İstanbul Saraçhane’de “Büyük Aile Buluşması” adıyla gerçekleştirilen yürüyüş ve sonrasında ülkenin farklı şehirlerinde düzenlenen diğer buluşmaların, iktidar ve ortakları tarafından organize edildiğini biliyoruz. Anayasa değişikliğine zemin hazırlamak amacıyla LGBTİ+’lar düşmanlaştırılmaya ve aileyi koruma adı altında LGBTİ+’lara yönelik nefret meşrulaştırılmaya çalışılıyor. Renkleri bile düşman ilan eden bu nefret düğümüne, biz de rengarenk simlerimizle/makyajlarımızla “Merhaba aşkım!” diyoruz. Bizden kurtulamazsınız!

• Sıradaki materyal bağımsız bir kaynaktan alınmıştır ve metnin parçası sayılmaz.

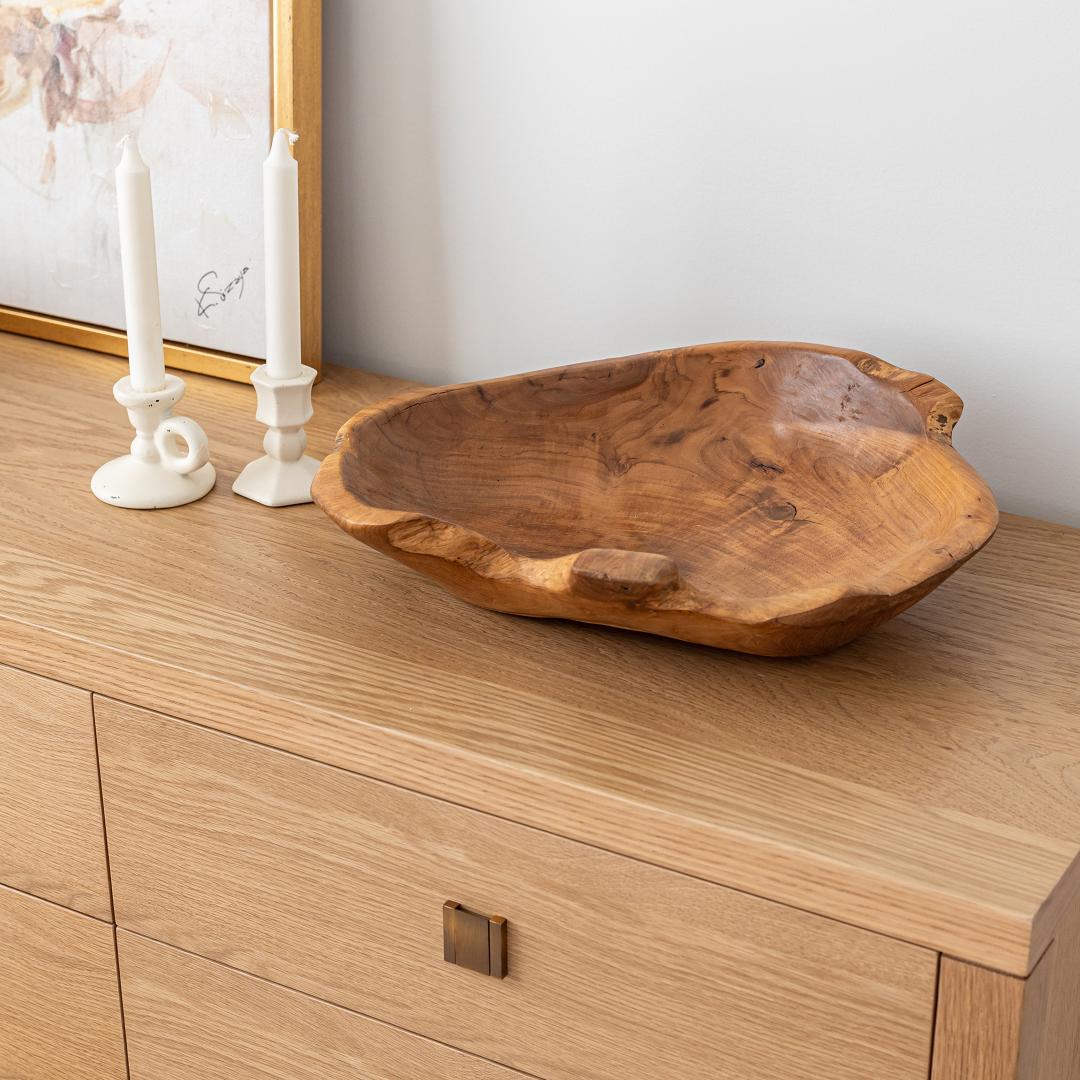 Wooden bowl on a wooden surface with candles in the background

Filistin’de yaşanan soykırıma değinilen açıklamada “Bedenlerimize uygulanan işgalle sömürülen halklara uygulanan zulüm ve işgal aynı kökten beslenmektedir. Bedenlerimize kayyum atayabilirsiniz ama ruhumuza asla! Bedenlerimize, Filistin’e, Rojava’ya ve yaşam hakkını savunan tüm direnişçilere özgürlük!” denildi. Açıklamanın sonunda şunlar söylendi:
Bayram Sokak’ta, Ülker Sokak’ta, Pürtelaş’ta, Bornova Sokak’ta, Esat/Eryaman’da direnen lubunyaların direnişinden güç alarak sokaklarda şanlıyoruz. Çark caddelerimize sızdırmaya çalıştığınız rant politikalarınıza inat şehirlerimizden gitmiyoruz. Mühürlenen her evin hesabını bugün burada, sokakta soruyoruz. Orospular yanarken, ateşimize mahallelinin odun attığını da pek tabi biliyoruz. Bizleri yok sayamazsınız, kriminalize edemezsiniz, bizlere güvenli çalışma koşulları oluşturmak zorundasınız.

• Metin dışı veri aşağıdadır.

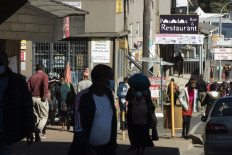 In this file picture taken on July 3, 2021, people walk through the city streets of Mbabane as a tense calm returns to Eswatini after days of violent widespread pro-democracy protests.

6 yıl aradan sonra, geçen sene 18 Haziran Translarla Eşitlik Günü’nde, gerçekleştirdiğimiz 9. Trans Onur Yürüyüşü bittikten sonra evlerine dağılan 8 trans arkadaşımız günümüz Hortum Süleyman’ı işkenceci, tacizci Hanifi Zengin ve emrindeki kolluk kuvvetleri tarafından yoğun bir işkenceye maruz bırakıldı. Buradan bir kez daha haykırıyoruz: Nefretinizle var olmadık ki, şiddetinizle yok olalım! Translarla Eşitlik Günü’nde de söylediğimiz gibi: “Sizlerden korkmuyoruz, buradayız ve suratlarınıza bakıyoruz! Ya da korkuyoruz ayol ama yine de buradayız!